OSHA also determined that the injured worker and other employees had not been adequately informed about and supplied with adequate personal protective clothing. In addition, they had not been adequately trained in electrical safe work practices and in proper hazardous energy control procedures.

"This is a clear example of the grave consequences that can result when basic electrical safeguards are not provided and used," said Arthur Dube, OSHA's area director in Buffalo. "Electricity can injure and kill almost instantly, which makes it vital that power sources be de-energized and locked out, and workers be properly trained and equipped before electrical work is performed."

OSHA issues serious citations when death or serious physical harm is likely to result from hazards about which the employer knew or should have known.

"One means of preventing hazardous conditions and the accidents that can result from them is to establish an effective safety and health management system through which employers and employees work together to proactively evaluate, identify and eliminate hazards," said Robert Kulick, OSHA's regional administrator in New York.


----------



## Big John (May 23, 2010)

It's hard to get a clear picture of the case when reading only OSHA's perspective, but it paints the picture of very unqualified people doing work on 35kV gear. 

Hard to believe a run-of-the-mill EC would accept that job without significant MV experience.

The only thing I wonder is if they were "just" switching to isolate for lower-voltage work and that's when the failure occurred?

-John


----------



## crazymurph (Aug 19, 2009)

I have worked for O'Connell and they are no run of the mill EC. They do a lot of MV and HV work and employ both electricians and linemen.

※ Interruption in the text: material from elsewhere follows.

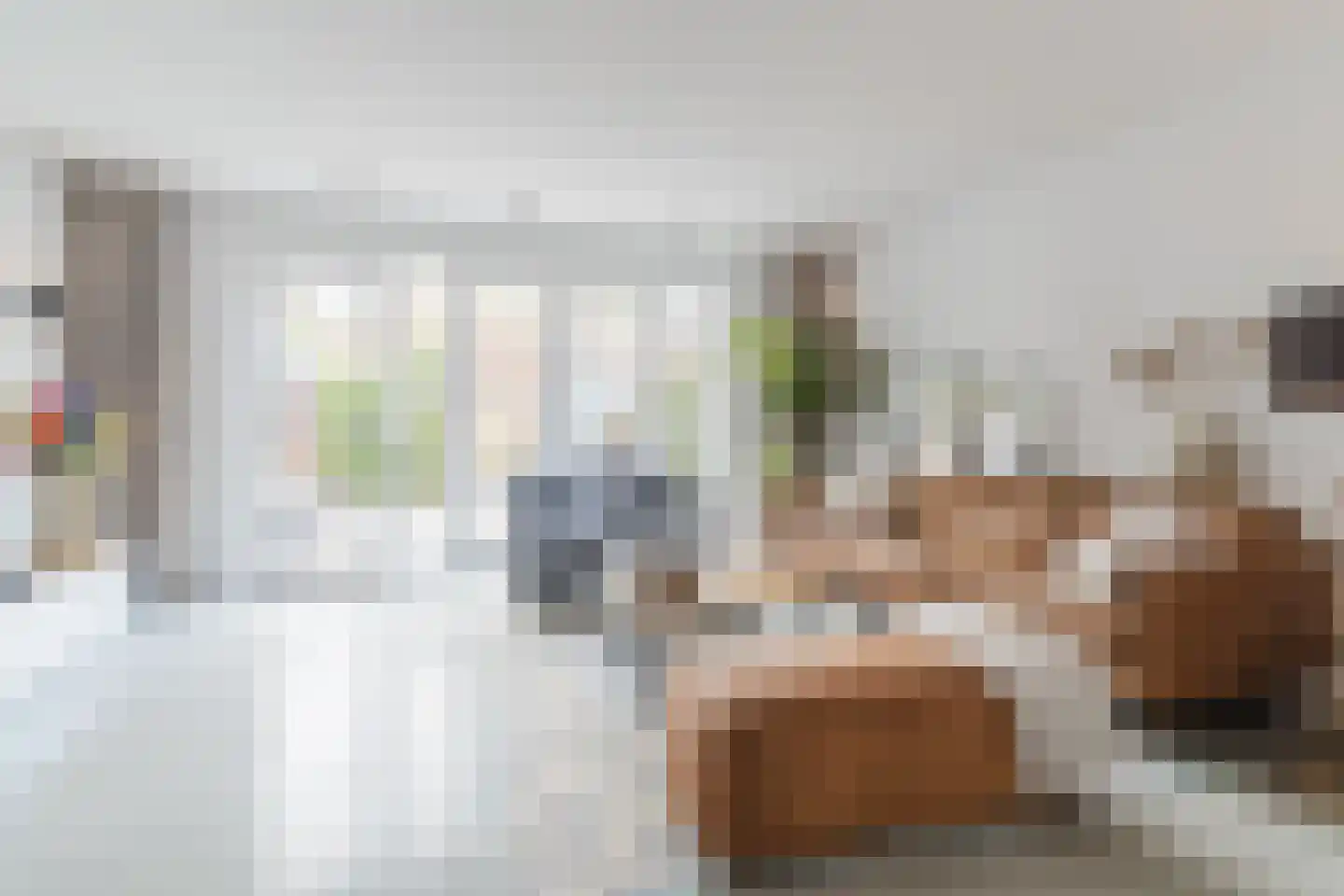 Ververstraat 2 02 Tilburg thumbnail 5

They have a huge amount of equipment and anything you need is a phone call away. I would put most of the blame on the supervision that are in the Buffalo area. I will call my buddy, a lineman, who works mostly for O'Connell and continue on with this post. O'Connell did the wiring for the 1980 Winter Olympics and more recently have been doing several wind farms across New York state.


----------



## Zog (Apr 15, 2009)

I have done many jobs at a campus, in a basement, on switches just like this so I can imagine how this went. These switches are usually fed as part of a complex loop network of 35kV cables that go all over the campus, different buildings are daisy chained off one cable feeding many switches that each feed one half of a secondary selective MV/LV sub in the building. A main MV on campus has several breakers, each one feeding one of these cables. 

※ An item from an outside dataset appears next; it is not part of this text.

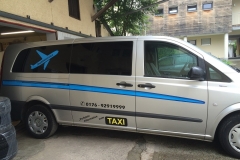 Taxi_2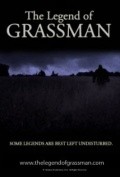 Фильм The Legend of Grassman : актеры, трейлер и описание.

Looking at the one line for LOTO can be confusing, but usually the whole crew has a meeting, does a group LOTO , then splits up to each building to start doing the sub work. Couple guys go to work on the 2 35kV switches, few guys start on the transformer, few guys start on the LV switchgear. 

Either they locked the wrong switch from confusion, or the one line was wrong, but still ALWAYS have to do a live-dead-live check before you start work. Maybe the guy forgot, maybe he did and his meter was dead and he did not verify on a know live source. But I bet the story that comes out is pretty close in line to the story I just made up.


----------



## Zog (Apr 15, 2009)

Big John said:


> Hard to believe a run-of-the-mill EC would accept that job without significant MV experience.


You don't read posts here much:whistling2: How many times do we see posts that start like this "I don't do much high voltage work but was asked to bid........"


----------



## Big John (May 23, 2010)

Zog said:


> You don't read posts here much:whistling2: How many times do we see posts that start like this "I don't do much high voltage work but was asked to bid........"


 Call me naive but I would think most people's sense of self-preservation would keep them from jumping into this without a very clear understanding of what they were doing.

So these are usually double-ended pieces of gear, and they simply misunderstood which side was closed, and then screwed up their voltage detection?

I guess I am naive because it always amazes me how people can make amateur-hour mistakes like that.

-John


----------



## jmsmith (Sep 10, 2011)

Big John said:


> Call me naive but I would think most people's sense of self-preservation would keep them from jumping into this without a very clear understanding of what they were doing.
> 
> So these are usually double-ended pieces of gear, and they simply misunderstood which side was closed, and then screwed up their voltage detection?
> 
> ...


Sad thing is, John, is the case of those getting involved with this kind of work because that big $$$ sign takes the place of that sense of self-preservation, or plain- old common sense for that matter.... There are a lot of contractors out there that are capable of doing the work, but are either cutting corners, or just plain not paying attention to the work at hand...


----------